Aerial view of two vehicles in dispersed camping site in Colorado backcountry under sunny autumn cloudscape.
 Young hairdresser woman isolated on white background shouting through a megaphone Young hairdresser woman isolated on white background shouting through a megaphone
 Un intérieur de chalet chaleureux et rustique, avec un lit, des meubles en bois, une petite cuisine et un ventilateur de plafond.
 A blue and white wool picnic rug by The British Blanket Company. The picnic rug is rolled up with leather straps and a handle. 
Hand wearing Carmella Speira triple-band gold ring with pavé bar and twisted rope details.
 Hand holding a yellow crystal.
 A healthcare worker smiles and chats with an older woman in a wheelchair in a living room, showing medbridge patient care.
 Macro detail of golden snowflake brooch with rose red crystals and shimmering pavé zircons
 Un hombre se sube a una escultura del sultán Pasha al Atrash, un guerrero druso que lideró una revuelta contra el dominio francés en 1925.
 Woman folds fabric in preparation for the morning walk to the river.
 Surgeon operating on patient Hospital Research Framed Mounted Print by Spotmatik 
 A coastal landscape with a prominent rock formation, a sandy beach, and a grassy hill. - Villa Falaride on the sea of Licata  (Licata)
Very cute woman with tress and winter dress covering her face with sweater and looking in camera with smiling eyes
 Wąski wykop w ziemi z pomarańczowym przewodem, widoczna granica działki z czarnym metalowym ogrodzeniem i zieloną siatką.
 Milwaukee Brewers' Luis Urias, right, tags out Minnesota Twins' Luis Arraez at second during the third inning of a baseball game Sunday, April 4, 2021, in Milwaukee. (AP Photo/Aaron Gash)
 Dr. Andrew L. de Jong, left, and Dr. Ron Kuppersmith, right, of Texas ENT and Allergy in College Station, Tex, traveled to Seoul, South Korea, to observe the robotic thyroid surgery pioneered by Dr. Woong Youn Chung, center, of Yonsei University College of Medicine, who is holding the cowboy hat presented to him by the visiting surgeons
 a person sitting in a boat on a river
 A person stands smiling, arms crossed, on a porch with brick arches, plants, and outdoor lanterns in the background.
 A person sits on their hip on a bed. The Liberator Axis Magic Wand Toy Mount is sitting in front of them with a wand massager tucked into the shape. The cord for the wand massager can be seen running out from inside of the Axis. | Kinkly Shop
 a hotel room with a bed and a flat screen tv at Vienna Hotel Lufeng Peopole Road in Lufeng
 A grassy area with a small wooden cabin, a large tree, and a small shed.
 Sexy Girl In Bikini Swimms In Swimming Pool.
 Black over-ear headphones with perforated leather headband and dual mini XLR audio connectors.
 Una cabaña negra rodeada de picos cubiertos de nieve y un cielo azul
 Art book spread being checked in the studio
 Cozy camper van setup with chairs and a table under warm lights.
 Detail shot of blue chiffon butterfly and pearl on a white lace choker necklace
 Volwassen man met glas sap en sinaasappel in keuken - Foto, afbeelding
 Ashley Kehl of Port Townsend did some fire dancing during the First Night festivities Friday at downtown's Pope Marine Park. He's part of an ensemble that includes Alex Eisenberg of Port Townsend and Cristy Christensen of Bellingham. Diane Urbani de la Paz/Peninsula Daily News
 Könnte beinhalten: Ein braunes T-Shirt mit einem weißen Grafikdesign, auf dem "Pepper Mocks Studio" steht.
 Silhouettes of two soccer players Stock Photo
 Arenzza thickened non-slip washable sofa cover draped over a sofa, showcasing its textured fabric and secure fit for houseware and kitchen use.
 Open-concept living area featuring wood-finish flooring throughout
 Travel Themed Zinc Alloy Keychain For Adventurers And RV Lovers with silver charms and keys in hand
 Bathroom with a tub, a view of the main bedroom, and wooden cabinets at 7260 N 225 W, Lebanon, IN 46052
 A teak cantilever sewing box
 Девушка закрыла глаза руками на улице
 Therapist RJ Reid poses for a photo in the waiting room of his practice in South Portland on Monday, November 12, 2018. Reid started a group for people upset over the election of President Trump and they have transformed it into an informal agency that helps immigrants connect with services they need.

_ _ _ _

■ **DIRECTIONS FOR THIS TASK**
List, from the entries above, every line in which the word "background" shows up.

■ **EXERCISE SOLUTION**
 Young hairdresser woman isolated on white background shouting through a megaphone Young hairdresser woman isolated on white background shouting through a megaphone
 A person stands smiling, arms crossed, on a porch with brick arches, plants, and outdoor lanterns in the background.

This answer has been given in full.